[Extracted data entries]

>>>>

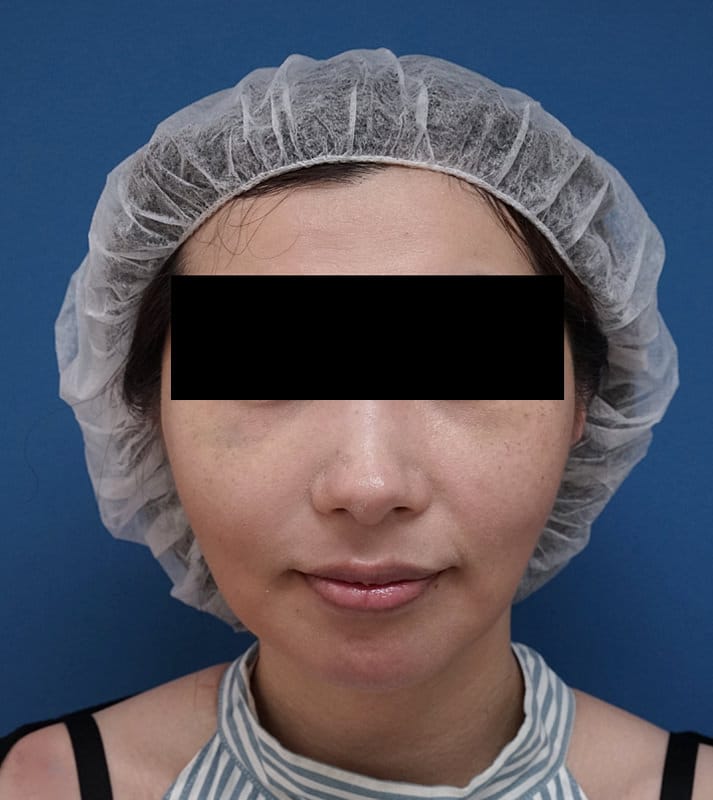 切らずに強力なリフト効果|強力スレッドリフト 1週間後のAfterの写真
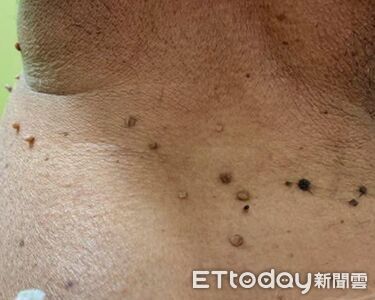 脖子狂冒醜肉芽！醫第一反應「有測血糖嗎」　3異狀別拖了
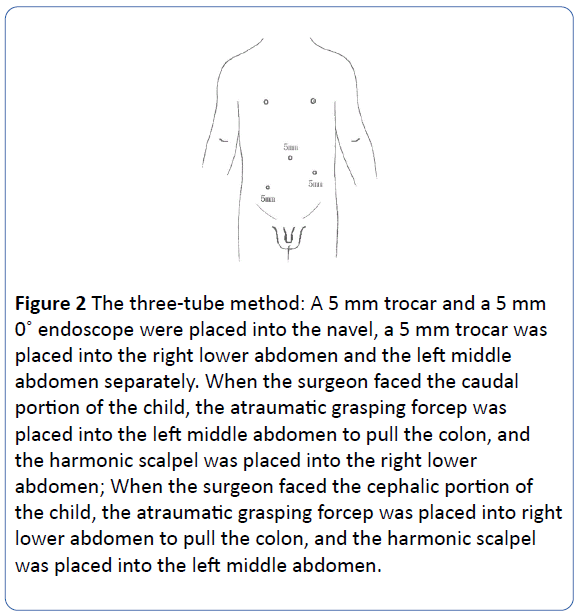 archivesofmedicine-three-tube-method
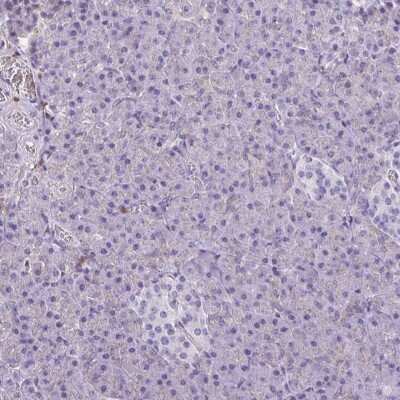 Immunohistochemistry-Paraffin: Catalase Antibody [NBP2-38772]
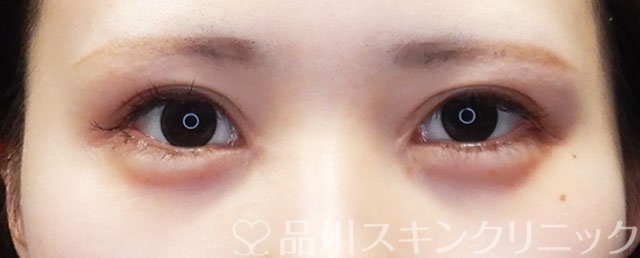 症例NO.73072のAFTER写真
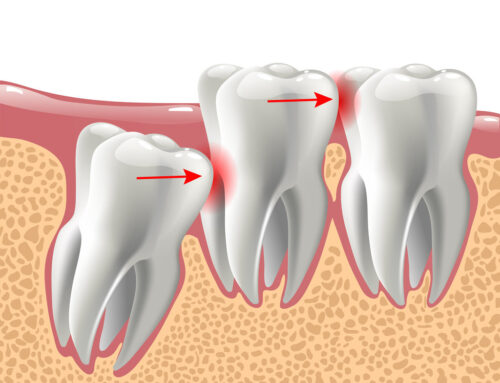 Treating Orthodontic Issues Following Wisdom Teeth Removal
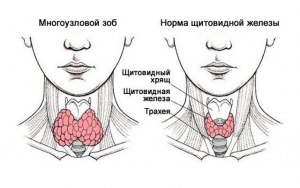 Статины и узлы щитовидной железы, есть противопоказания?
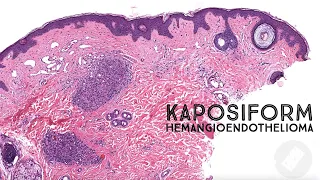 Kaposiform Hemangioendothelioma & Tufted Angioma (pathology dermpath dermatology dermatopathology)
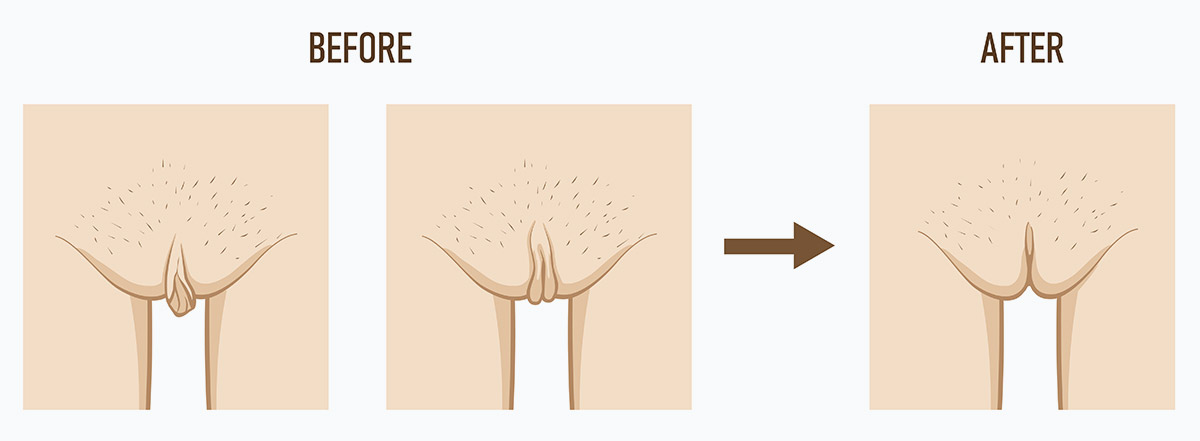 Understanding Labiaplasty From an Anatomical and Clinical Perspective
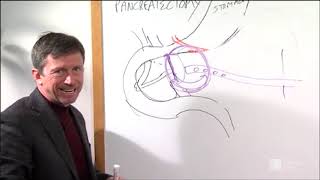 Distal Pancreatectomy Procedure  Roswell Park Patient Education [upl. by Luapleahcim]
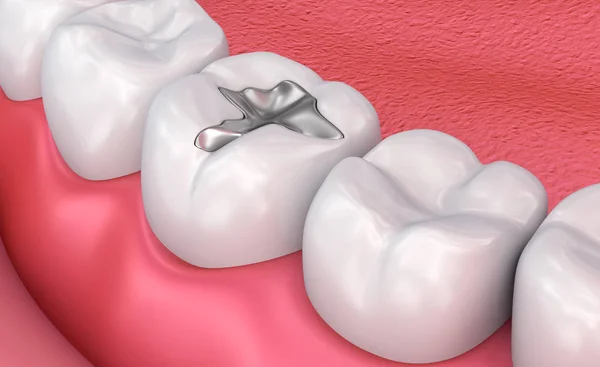 How Do Porcelain Inlays and Onlays Compare to Traditional Fillings for Long-Term Results?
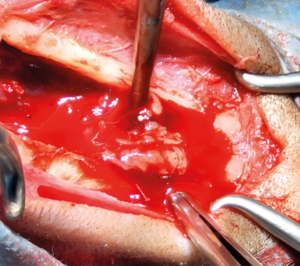 Rinotomía dorsal y “de bulking” de la cavidad nasal.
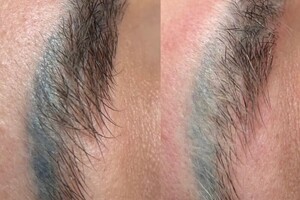 БАРЫНИНА Анна Николаевна — Безопасное удаление татуажа и татуировок на неодимовом Q-switched лазерe:; -бесплатная консультация; -гарантия... — Портфолио №76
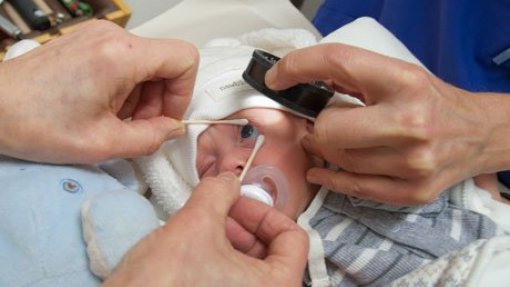Garcia de Orta realiza tratamento inovador para a retinopatia da prematuridade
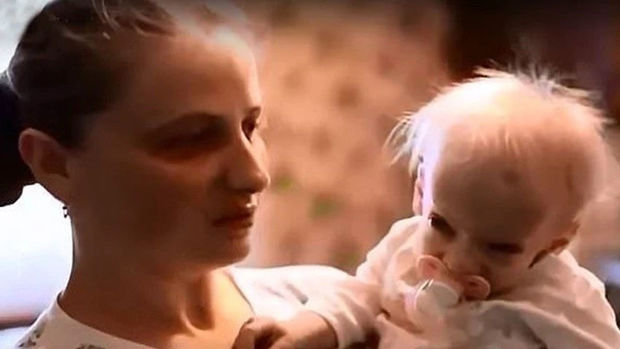 Səkkiz yaşlı uşaq qocalıqdan öldü - VİDEO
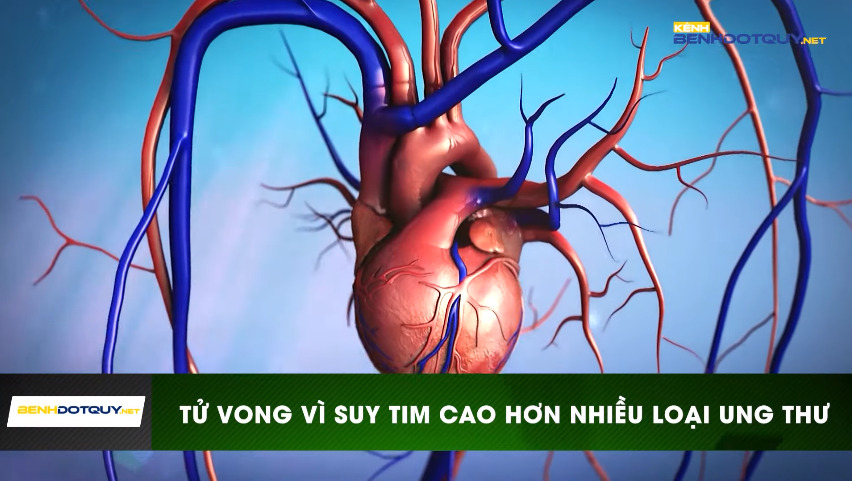 Tỷ lệ tử vong do suy tim cao hơn nhiều so với ung thư
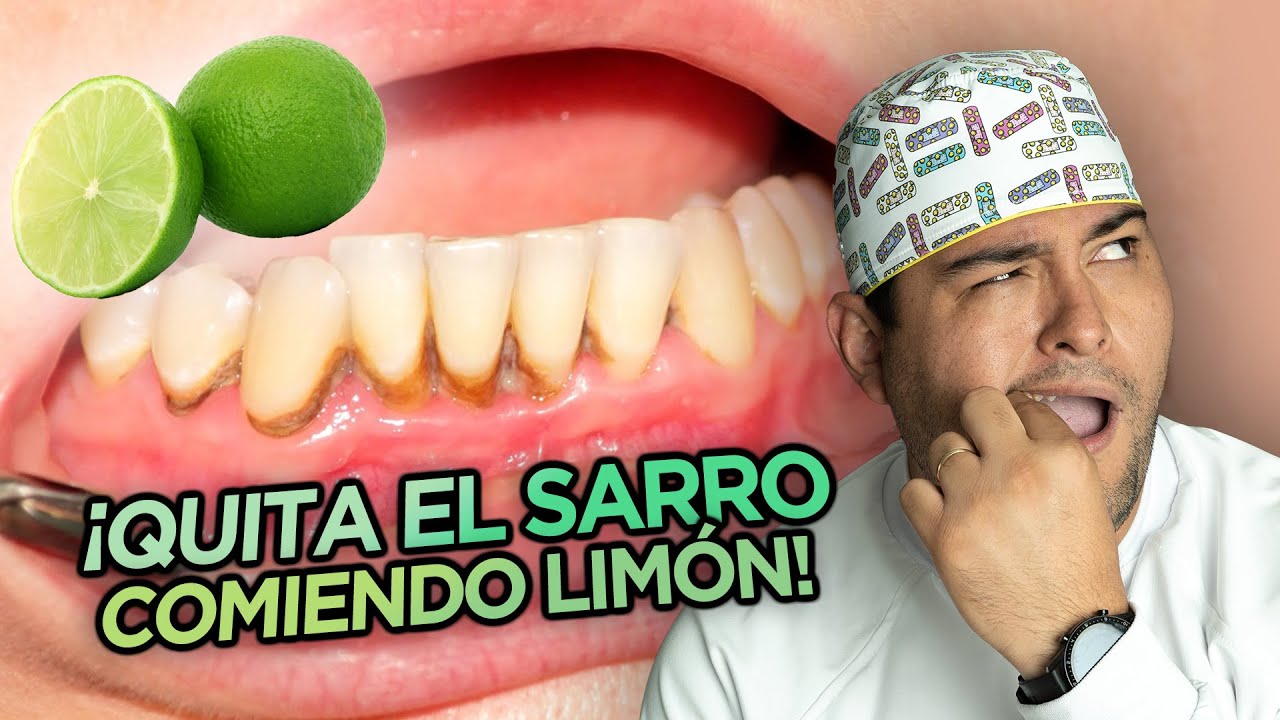 remedios para quitar el sarro de los dientes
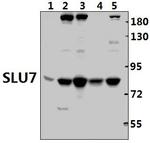 SLU7 Antibody in Western Blot (WB)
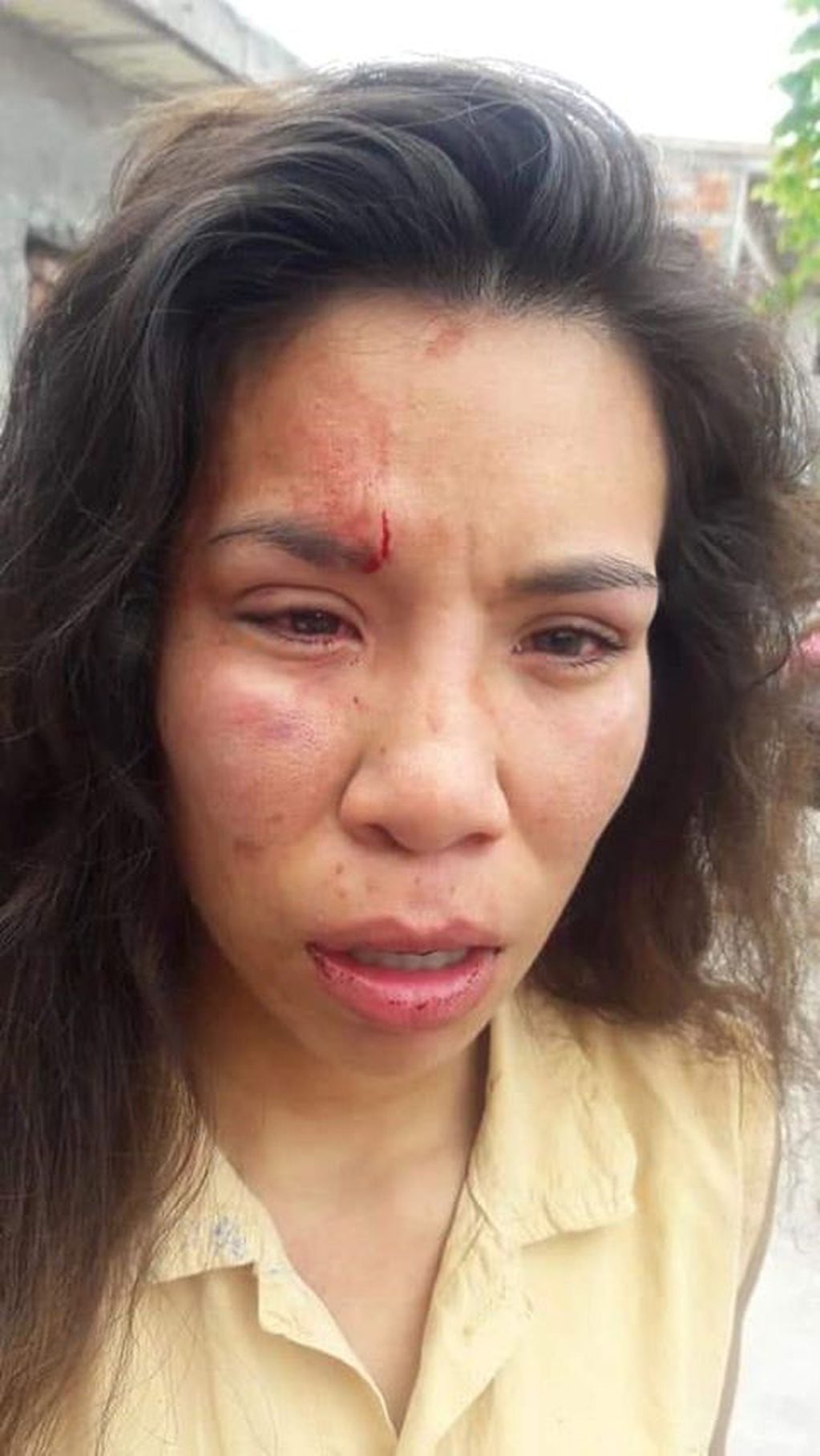 Micaela, víctima de un ataque callejero. (Web)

<<<<

An exact restatement of the lines from the one holding "Tỷ lệ tử vong" through the end of the entries, both ends included, is the whole answer. Pictures stay out.

# Task solution
 Tỷ lệ tử vong do suy tim cao hơn nhiều so với ung thư
 remedios para quitar el sarro de los dientes
 SLU7 Antibody in Western Blot (WB)
 Micaela, víctima de un ataque callejero. (Web)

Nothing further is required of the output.